# Statistics Canada Analysis

## Summary

1-2 sentences description of analysis

## Introduction

Intro 

- Background info relating to the topic 
- Narrowing down of variables will be justified here
- Will use 3 references: Definitions of certain term(s), background info or inspiration for the study, narrowing down of variables due to prior research (hopefully from a peer reviewed article).

## Research Question

- How do family size and the major income earner in a family influence familial investment income

Predicting the economic family's investment income (EFINVA), based on the economic family's major earner (EFMJIE) and its size (EFSIZE)

## Dataset Description

Canadian Income Survey (CIS) is a cross-sectional survey sponsored both by the Government of Canada and Statistics Canada. The purpose of this survey is to collect information from all citizens and household within Canada, however around 2% of the residing on the reserve, aboriginal settlements or extremely remote areas with extremely small populations is not included in this survey. This survey collect the data from several different characteristics including labour market activity, school attendance, disability, support payments, child care expenses, inter-household transfers. This dataset also combine some information from the Labour Force Survey(LFS), such as the information about the education level ogeography information. This data set is available to all of the organization, different level of the government, and individuals. Different government could use this dataset to make ner economic well policies to all canadian.

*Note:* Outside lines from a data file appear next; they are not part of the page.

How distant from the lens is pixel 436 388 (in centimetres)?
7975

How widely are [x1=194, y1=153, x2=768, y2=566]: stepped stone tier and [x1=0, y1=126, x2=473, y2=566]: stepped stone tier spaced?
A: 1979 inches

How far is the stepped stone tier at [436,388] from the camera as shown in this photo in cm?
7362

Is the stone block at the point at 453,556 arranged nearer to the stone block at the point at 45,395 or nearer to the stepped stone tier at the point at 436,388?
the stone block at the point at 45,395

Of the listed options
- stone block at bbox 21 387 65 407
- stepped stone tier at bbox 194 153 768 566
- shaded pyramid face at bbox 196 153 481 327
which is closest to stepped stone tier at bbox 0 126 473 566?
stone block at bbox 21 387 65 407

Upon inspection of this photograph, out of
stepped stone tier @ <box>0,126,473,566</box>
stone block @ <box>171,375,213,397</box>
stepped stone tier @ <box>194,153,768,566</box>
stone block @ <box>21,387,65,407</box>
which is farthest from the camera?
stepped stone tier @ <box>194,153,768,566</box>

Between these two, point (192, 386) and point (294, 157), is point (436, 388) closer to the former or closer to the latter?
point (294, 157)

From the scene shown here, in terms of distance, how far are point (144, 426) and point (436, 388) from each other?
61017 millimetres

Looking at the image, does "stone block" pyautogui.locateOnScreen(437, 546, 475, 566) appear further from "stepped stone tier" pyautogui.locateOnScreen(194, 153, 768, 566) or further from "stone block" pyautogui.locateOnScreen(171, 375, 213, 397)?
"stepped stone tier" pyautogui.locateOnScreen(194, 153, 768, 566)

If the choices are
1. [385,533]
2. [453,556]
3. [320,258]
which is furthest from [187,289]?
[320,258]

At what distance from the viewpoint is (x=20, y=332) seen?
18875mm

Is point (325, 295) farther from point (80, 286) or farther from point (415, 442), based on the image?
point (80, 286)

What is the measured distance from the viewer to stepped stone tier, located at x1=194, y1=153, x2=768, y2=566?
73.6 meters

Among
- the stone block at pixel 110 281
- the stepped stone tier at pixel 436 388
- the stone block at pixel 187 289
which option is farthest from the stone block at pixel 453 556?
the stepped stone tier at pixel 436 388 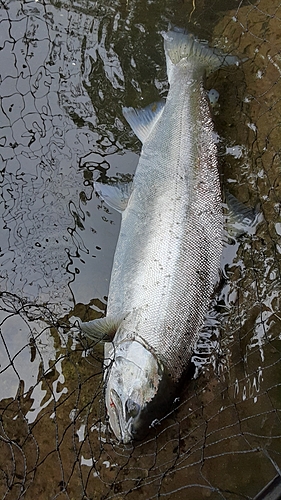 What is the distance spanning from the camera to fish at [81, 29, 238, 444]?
276 cm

#### Description of Relevent Variables

## Methods and Results

### Description of Methods

- The dataset was loaded, and the features of interest were identified to subset the data into columns containing only these features.
- The data was cleaned and wrangled according to results of EDA as well as information provided through the dataset description. 
- EDA was done to identify the distributions among the variables of interest and their correlations to each other.
- The data was split into a training set and a testing set using a 75/25 split since there was an abundant amount of observations.
- Within each split, the data was split into the features and the target variables. The features were "EPSIZE" (family size) and "EFMJIE" (major income earner in family), and the target was "EFINVA" (family investment income)
- Preprocessing was applied on the features of the training set to transform the categorical features "EFSIZE" (family size) and "EFMJIE" (major income earner in family) into numerical features. This was done using ordinal encoding for family size, and binary one hot encoding for the major income earner feature
- A linear regression pipeline using the Ridge model from sci-kit learn was applied using a 10 fold cross-validation score to obtain a mean training score
- The above was repeated for KNN regression
- The models were compared to identify the better 

# Preliminary Analysis

#### Loading the Data

In [None]:
# Importing the appropriate packages
import numpy as np
import pandas as pd
import sklearn as sk
from sklearn.pipeline import Pipeline, make_pipeline
from sklearn.preprocessing import StandardScaler, OneHotEncoder,OrdinalEncoder
from sklearn.compose import ColumnTransformer, make_column_transformer
from sklearn.model_selection import train_test_split
from sklearn.model_selection import RandomizedSearchCV, cross_validate
from sklearn.linear_model import Ridge, RidgeCV
import seaborn as sns
import matplotlib.pyplot as plt
# import os

In [None]:
# Importing the appropriate packages
import pandas as pd
import sklearn as sk
from sklearn.pipeline import Pipeline, make_pipeline
from sklearn.preprocessing import StandardScaler
import seaborn as sns
import matplotlib.pyplot as plt
# import os

In [None]:
# Loading the data
data = pd.read_csv('data/CIS-72M0003-E-2017-Annual/CIS-72M0003-E-2017-Annual_F1.csv')
data.head()

# Cleaning and Wrangling

**The data is reduced to some specific features and targets of interest before EDA as it is difficult to analyze 194 features.**

In [None]:
reduced_data = data[['EFSIZE', 'USHRWK', 'ATINC', 'HLEV2G', 'EFINVA', 'EFMJIE', 'EFATINC', 'EFMJSI']]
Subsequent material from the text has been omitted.